Alle steuerpflichtigen Rentner würden genauso behandelt wie die übrigen Steuerzahler, sagte Steinbrück. Eine Bagatellgrenze, bis zu der die Finanzverwaltungen auf Nachforderungen verzichten würden, dürfe es wegen des Prinzips der Gleichbehandlung nicht geben.

Der Besteuerungsanteil der gesetzlichen Rente hängt vom Jahr des Rentenbeginns ab.
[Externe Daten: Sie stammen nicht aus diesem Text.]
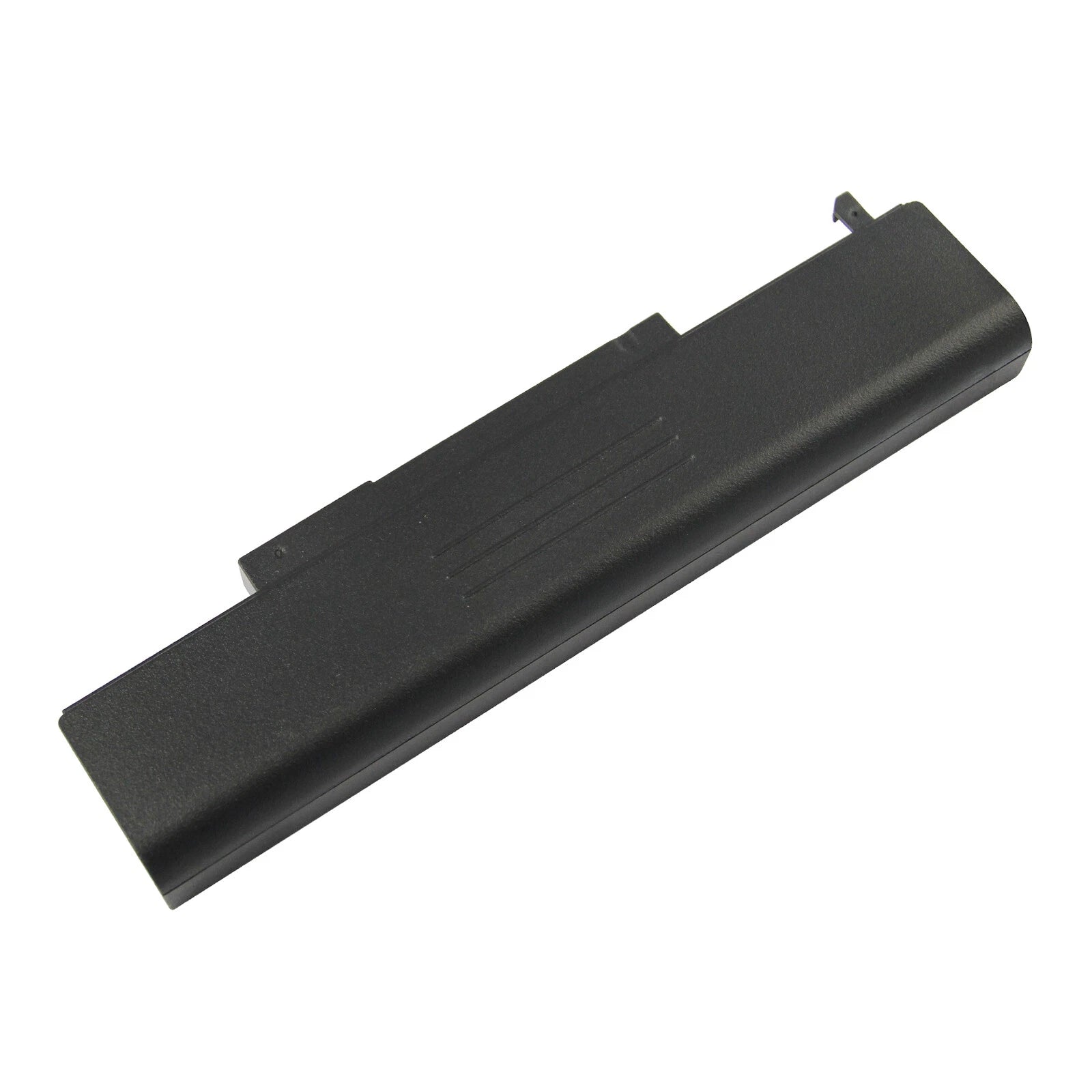 Laptop Battery for Gateway SQU-715 SQU-719 SQU-720 W35044LB-SP W35044LB W35052LB
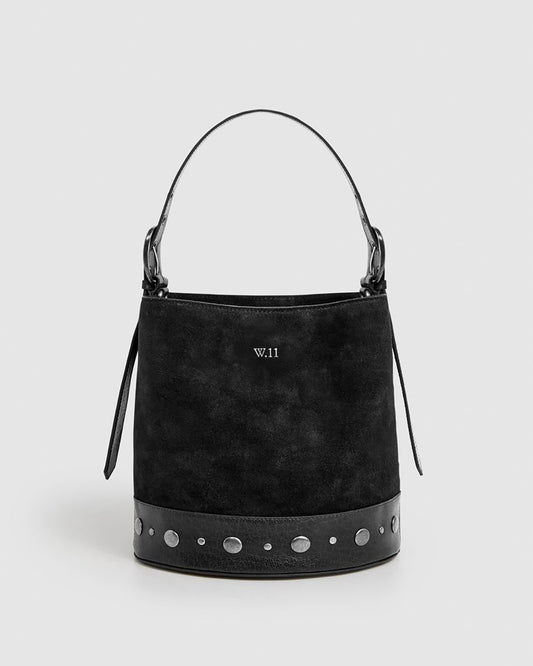 PEPE JEANS W11 Kiara Soho - Bag (PL0300015-999) Women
Beispiel für einen diesjährigen Neurentner: 1.361 Euro Rente x 12 Monate = 16.332 Euro x 58% Besteuerungsanteil = 9.472,56 Euro ./. Werbungskosten-Pauschbetrag 102 Euro./. Sonderausgaben-Pauschbetrag 36 Euro ./. Höchstbetrag für sonstige Vorsorgeaufwendungen 1.500 Euro = 7.834,56 Euro und damit genau der steuerfreie Grundfreibetrag von 7.834 Euro, der seit 1.1.2009 gilt.

Tipp
Sie brauchen als Neurentner des Jahres 2009 keine Steuererklärung abzugeben, wenn Ihre Einkünfte allein aus der gesetzlichen Rente besteht und diese nicht mehr als 1.361 Euro im Monat beträgt. Bei Rentner-Ehepaaren ist die doppelte Rentenhöhe 2.722 Euro p. M.) steuerfrei. Lag der Renteneintritt vor 2005, darf die Rente sogar 1.578 Euro betragen, ohne dass Steuern zu zahlen sind. Das gilt jedoch ebenfalls nur dann, wenn keine weiteren steuerpflichtigen Einkünfte erzielt werden.